→ Your assignment
Copy out the listing that follows, exactly, without its pictures.

→ Collected material
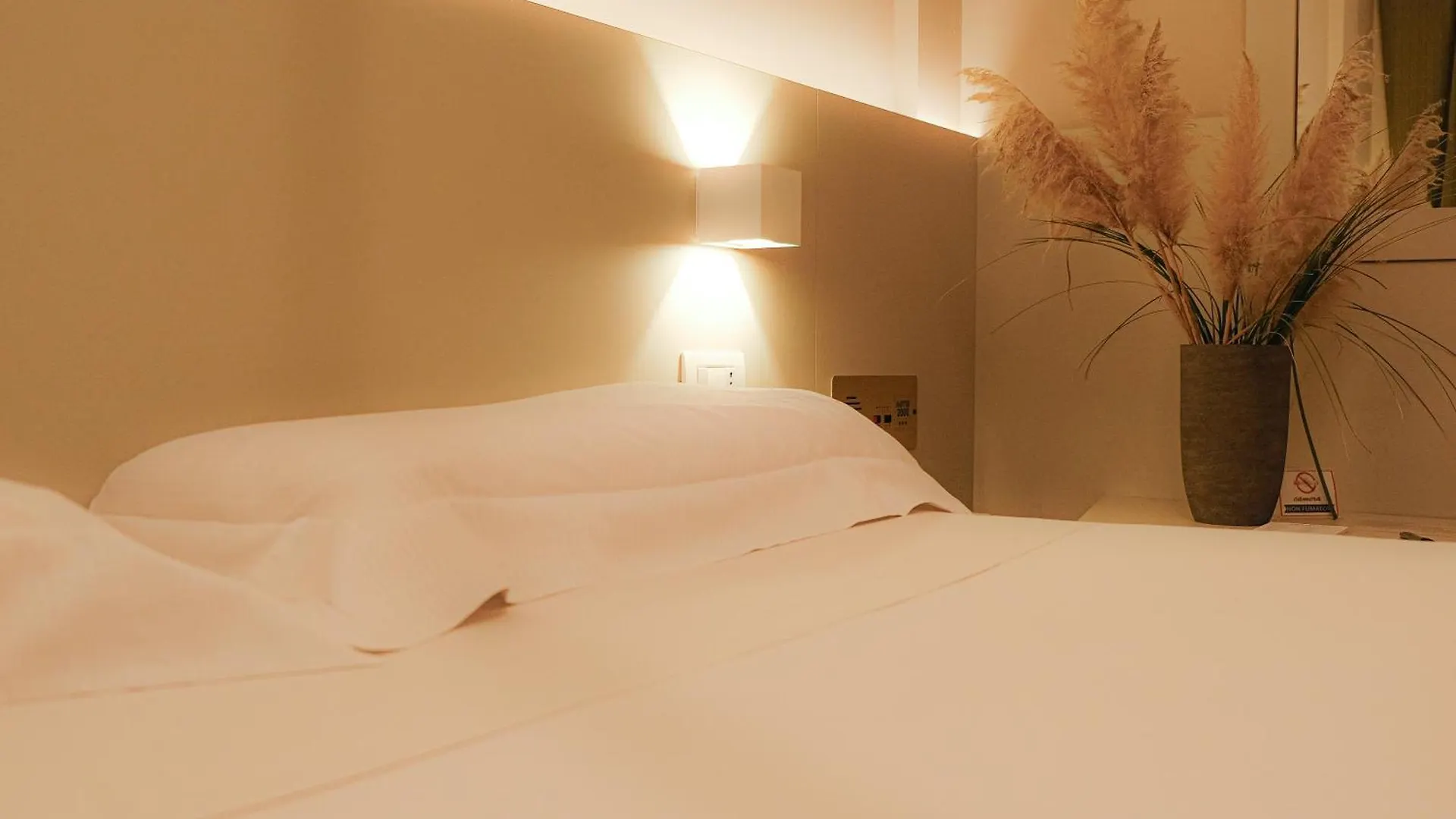 Hotel Motel 2000 Trezzano sul Naviglio 3*,  Italia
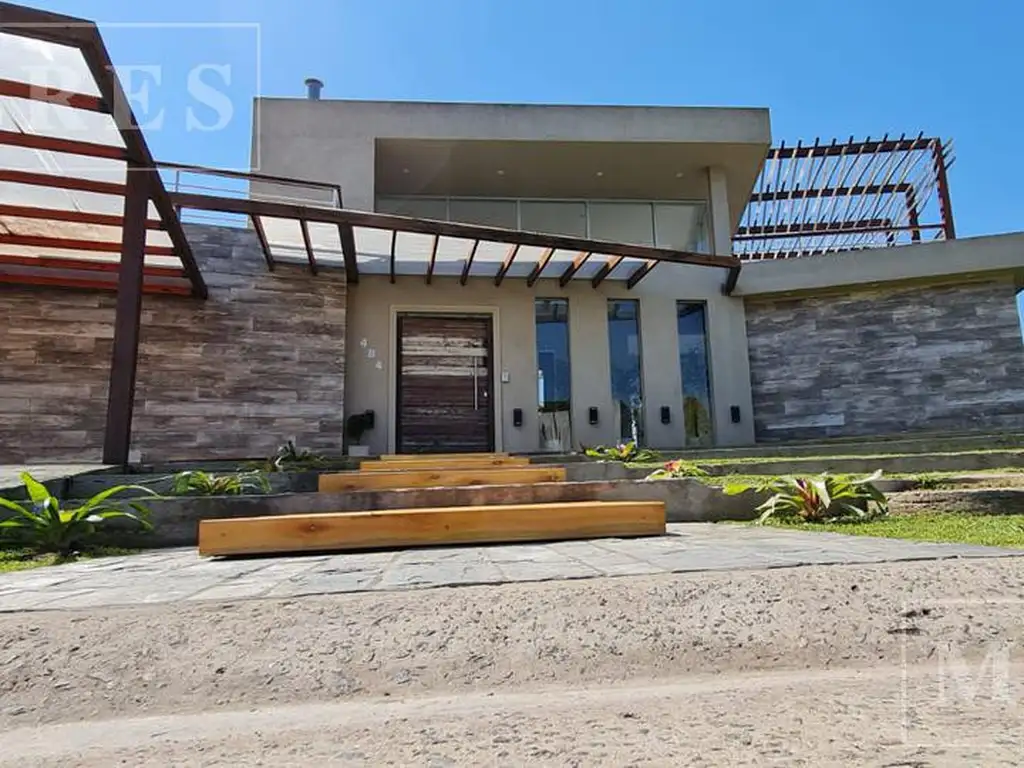 Casa en alquiler anual sobre lote interno en Haras Santa Maria  Barrio El Atardecer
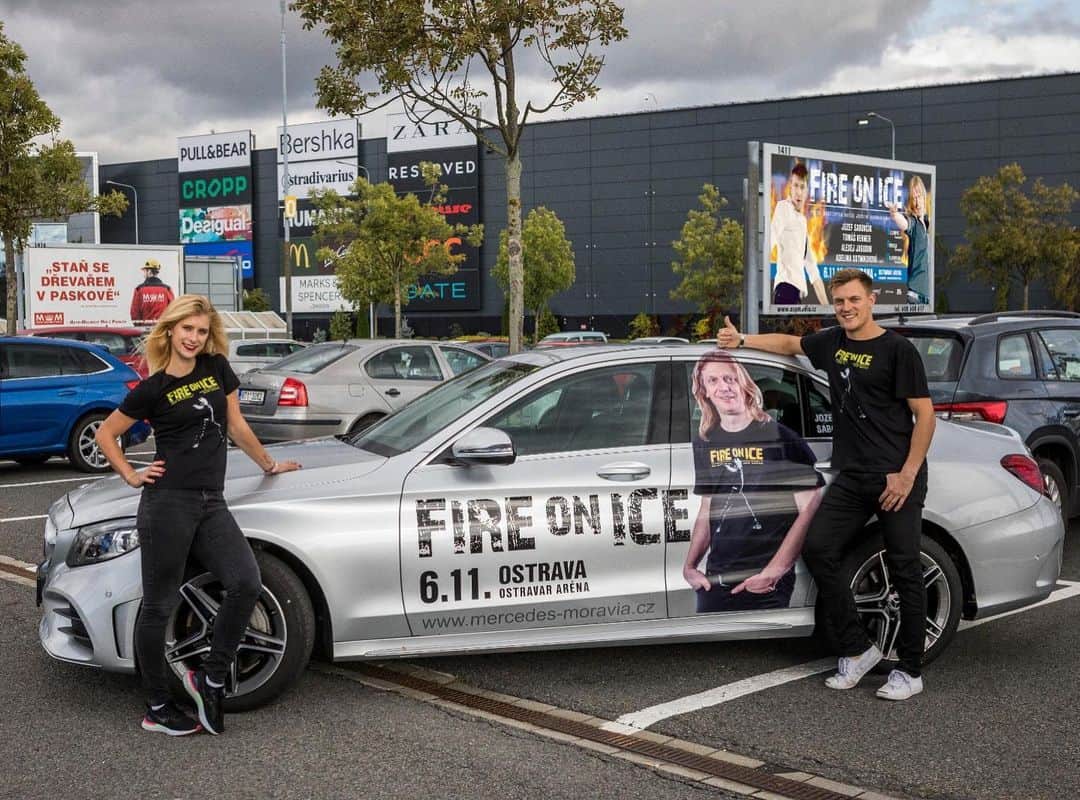 のインスタグラム：「Fire on ice již 6.11. v Ostravar aréně!! #fireonice #ostravararena #ostrava」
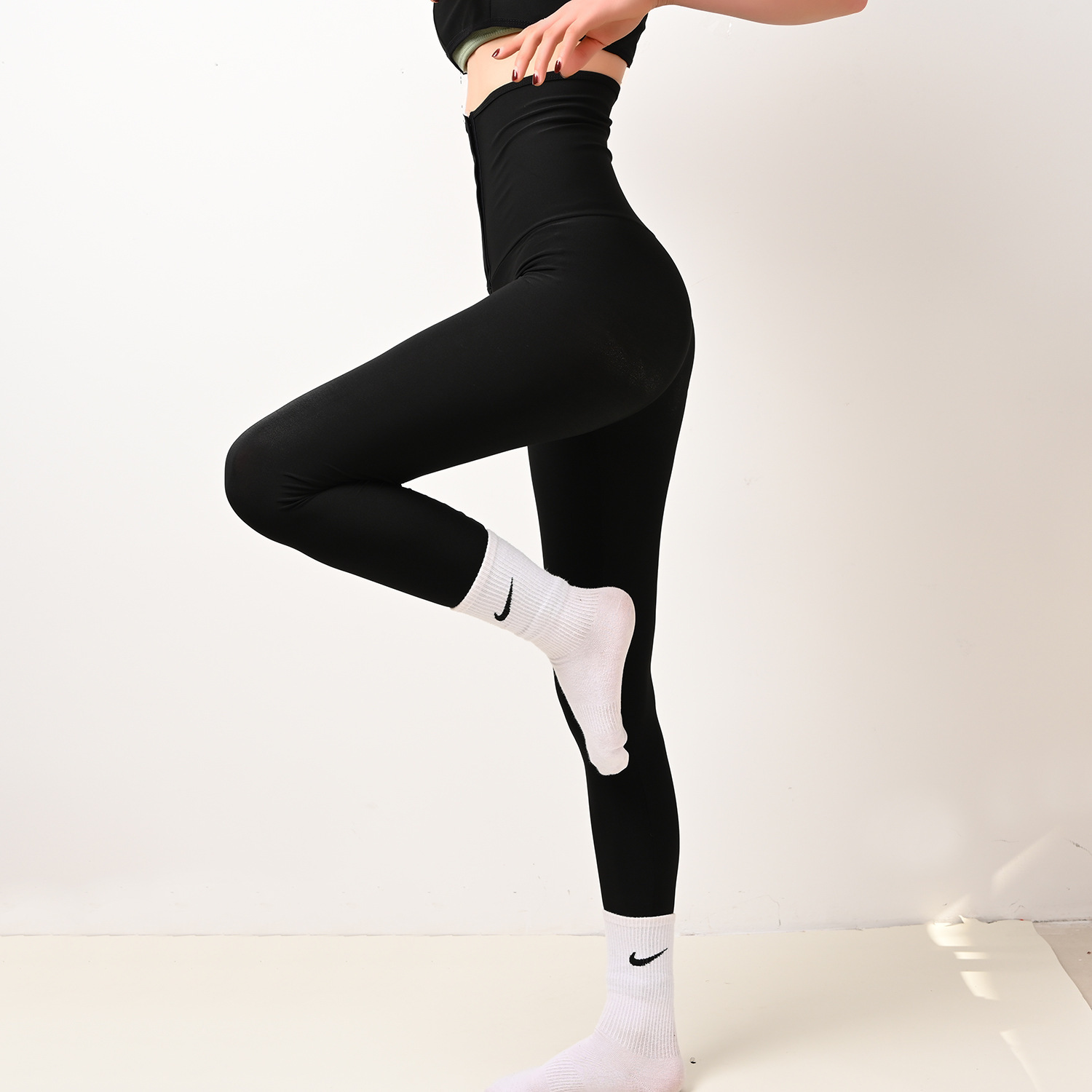 Sports Sweat Wicking Pants Elastic Breasted Plus Size Yoga Pants - Image 3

→ Expected answer
 Hotel Motel 2000 Trezzano sul Naviglio 3*,  Italia
 Casa en alquiler anual sobre lote interno en Haras Santa Maria  Barrio El Atardecer
 のインスタグラム：「Fire on ice již 6.11. v Ostravar aréně!! #fireonice #ostravararena #ostrava」
 Sports Sweat Wicking Pants Elastic Breasted Plus Size Yoga Pants - Image 3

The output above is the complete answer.